I was trying to prove: $$ \mathrm{B}(n+\frac12,l+1)=2^{2l+1}l!\frac{(2n)!}{n!}\frac{(l+n)!}{(2l+2n+1)!} $$ where $n$ and $l$ are both positive integers and $\mathrm{B}$ is the beta function.

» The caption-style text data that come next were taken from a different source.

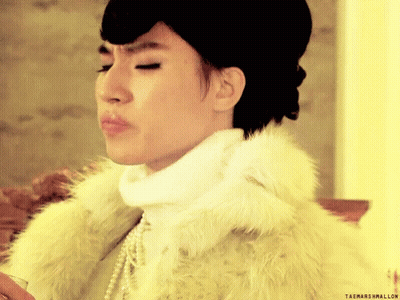 A Woman Wearing A Fur Coat And Pearls Has Taemarshmallow Written On The Bottom Right GIF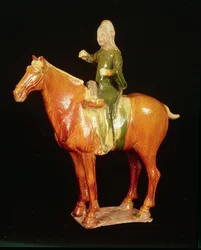 Glazed figure of a mounted drummer T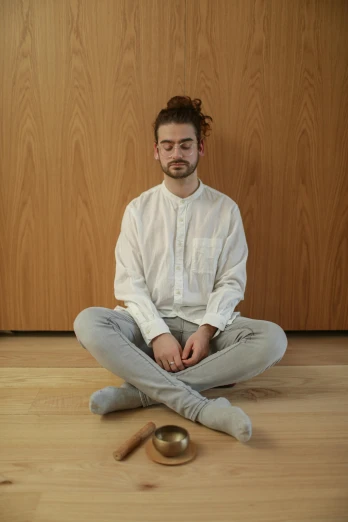 a man sitting on the floor in front of a wooden wall, by Nina Hamnett, unsplash, renaissance, wearing white pajamas, meditating pose, plain background, androgynous person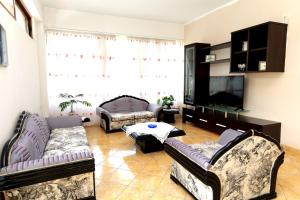 a living room with couches and a flat screen tv at Villa Ekluxe in Delvinë
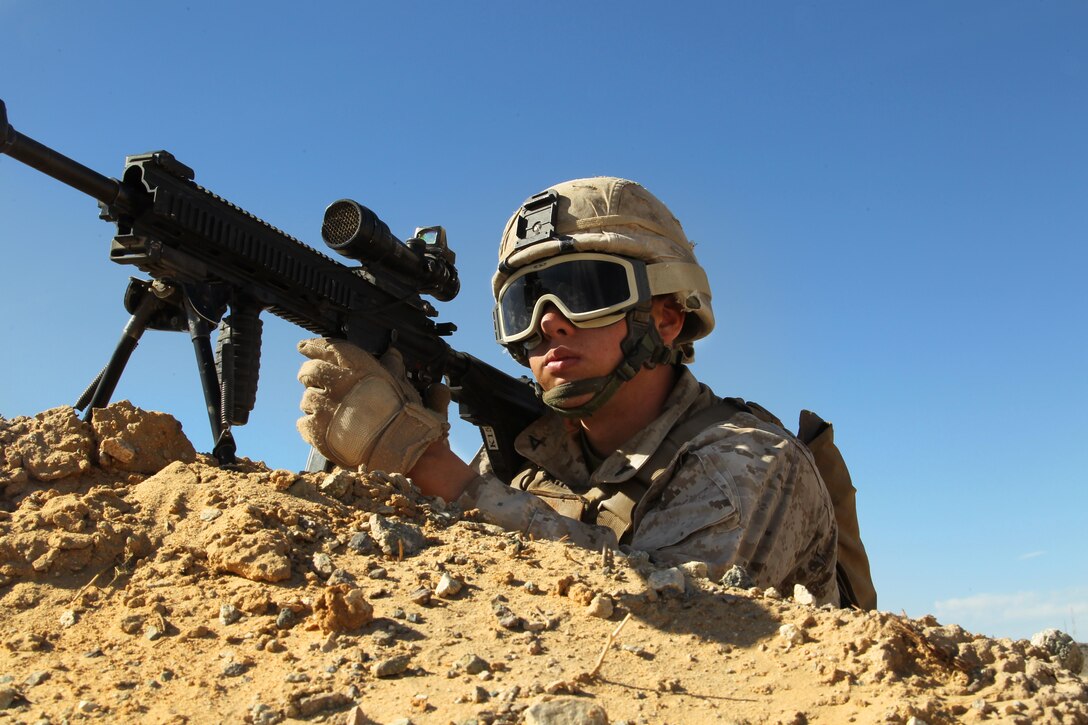 A Marine with Company K, 3rd Battalion, 5th Marine Regiment, posts security near the entrance of a training town in the Combat Center’s Range 215 during a counter insurgency exercise Nov. 18, 2013.
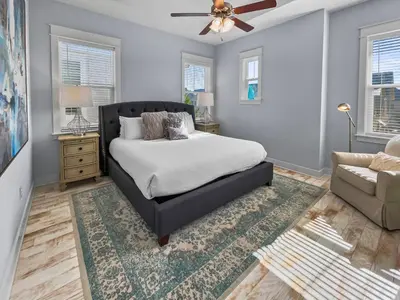 a bedroom with a bed and a couch and a chair at Absolutely Paradise II l Heated 5000 sqft resort style pool l Walk to many restaurants in Santa Rosa Beach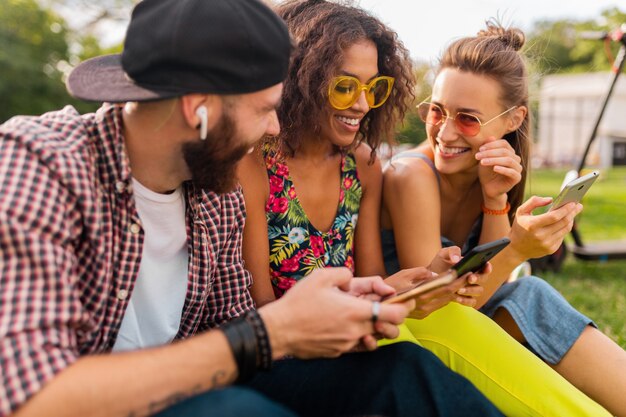 Feliz joven compañía de amigos sonrientes sentados en el parque usando teléfonos inteligentes, hombres y mujeres divirtiéndose juntos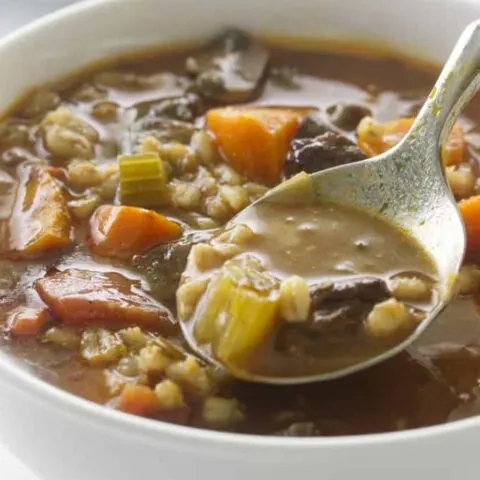 A spoon in a bowl of beef barley soup.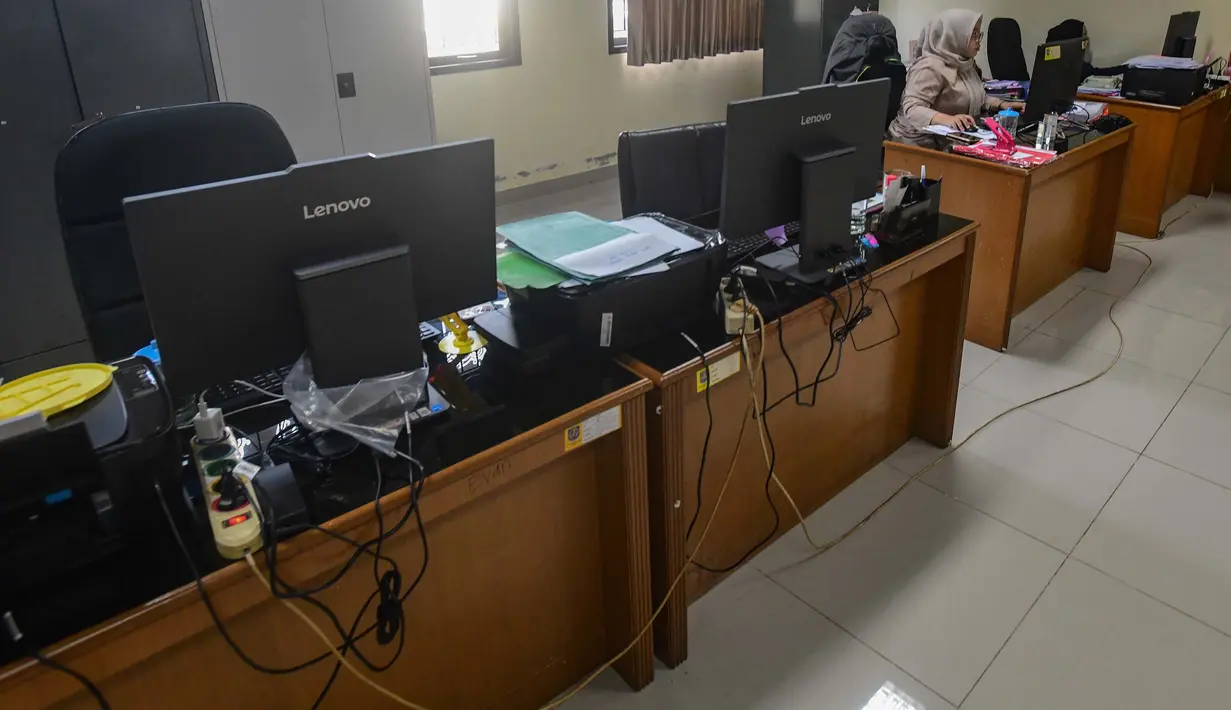 Kebijakan ini menjadi bagian dari strategi efisiensi energi di tengah dinamika global, termasuk konflik di Timur Tengah. Tampak dalam foto, pegawai bekerja di depan komputer dengan beberapa meja kursi yang kosong saat penerapan Work From Home (WFH) bagi Aparatur Sipil Negara (ASN) di kantor Kecamatan Limo, Depok, Jawa Barat, Jumat (10/4/2026). (merdeka.com/Arie Basuki)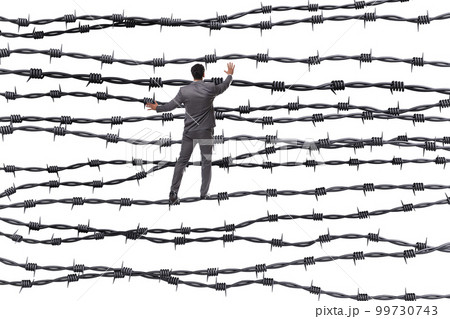 Businessman in barbed wire concept Businessman in barbed wire concept 99730743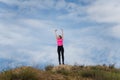 Young happy woman in sportswear standing on hill with arms up to sky. Fitness, healthy way of life, wellbeing, freedom Royalty Free Stock Photo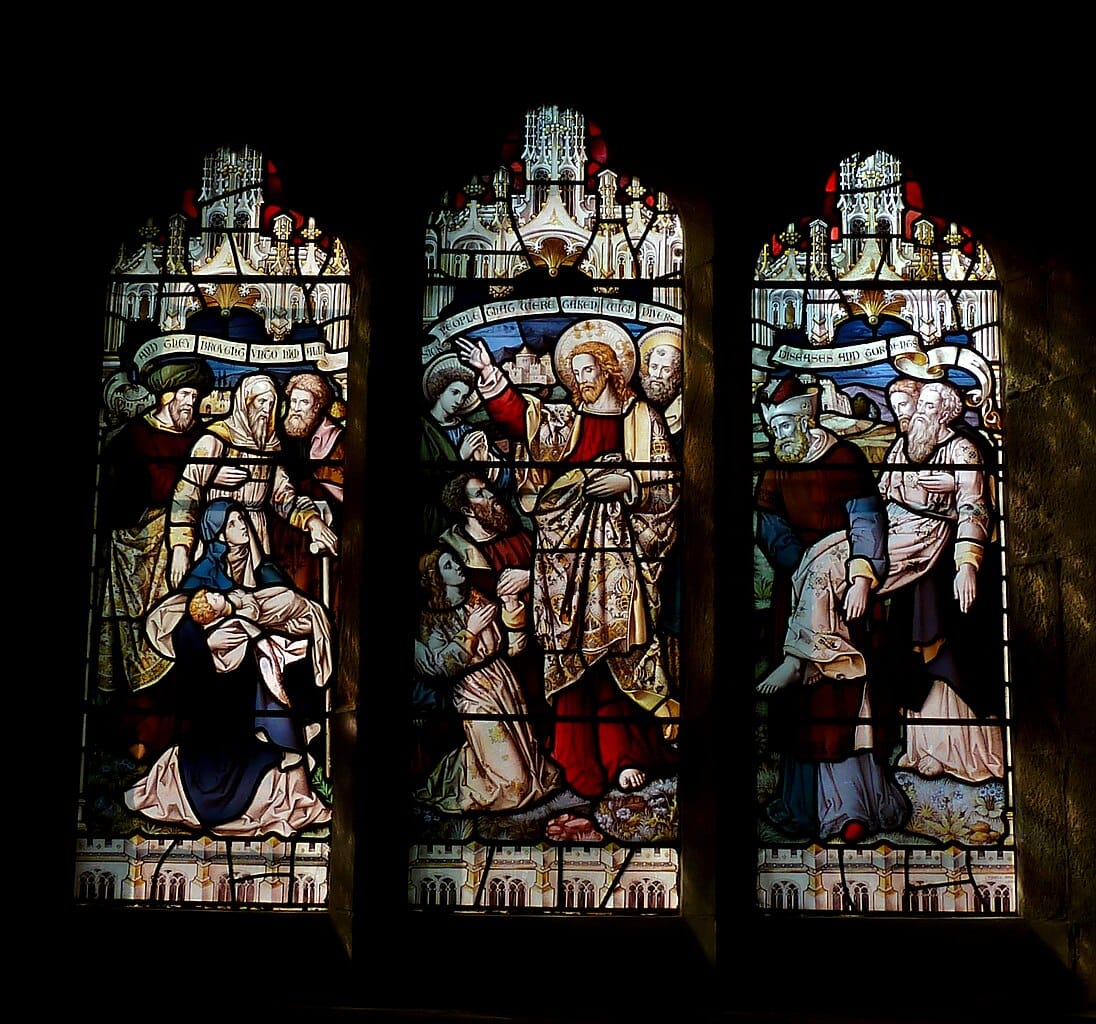 Photo of a triptych stained-glass window of Christ healing the sick and the text of Matthew 4:24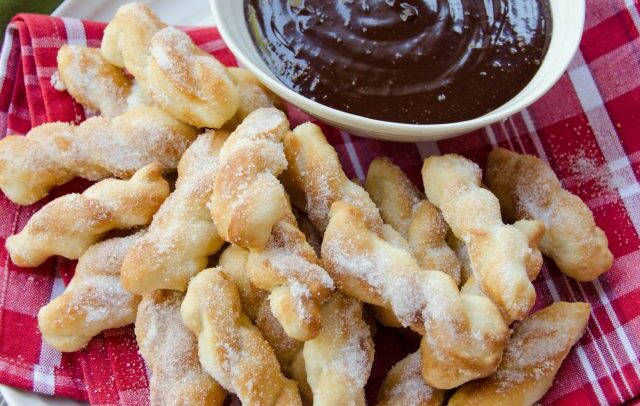 Air fried sugared dough dippers on a plate with chocolate sauce.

I tried: $$ \begin{aligned} \mathrm{B}(n+\frac12,l+1)&=\frac{\Gamma(n+1/2)\Gamma(l+1)}{\Gamma(n+l+3/2)} \\ &=l!\frac{\Gamma(1/2)\prod^n_{k=1}(k-1/2)}{\Gamma(1/2)\prod^{n+l+1}_{k=1}(k-1/2)} \\ &=l!\prod^{n+l+1}_{k=n+1}(k-\frac12)^{-1} \end{aligned} $$ but I don't know what to do next. Please correct me if I have made any stupid mistake.
HINT
Rewrite your expression as $$\prod_{k=n+1}^{n+l+1}\frac1{k-\frac12}=\prod_{k=n+1}^{n+l+1}\frac{2}{2k-1}$$ And then use the doubel factorial, or equivalently the fact that $$(2n-1)(2n-3)\cdots(3)(1)=\frac{(2n)(2n-1)\cdots(2)(1)}{2^n\cdot(n)(n-1)\cdots(2)(1)}$$ Suitable index considerations yield the result.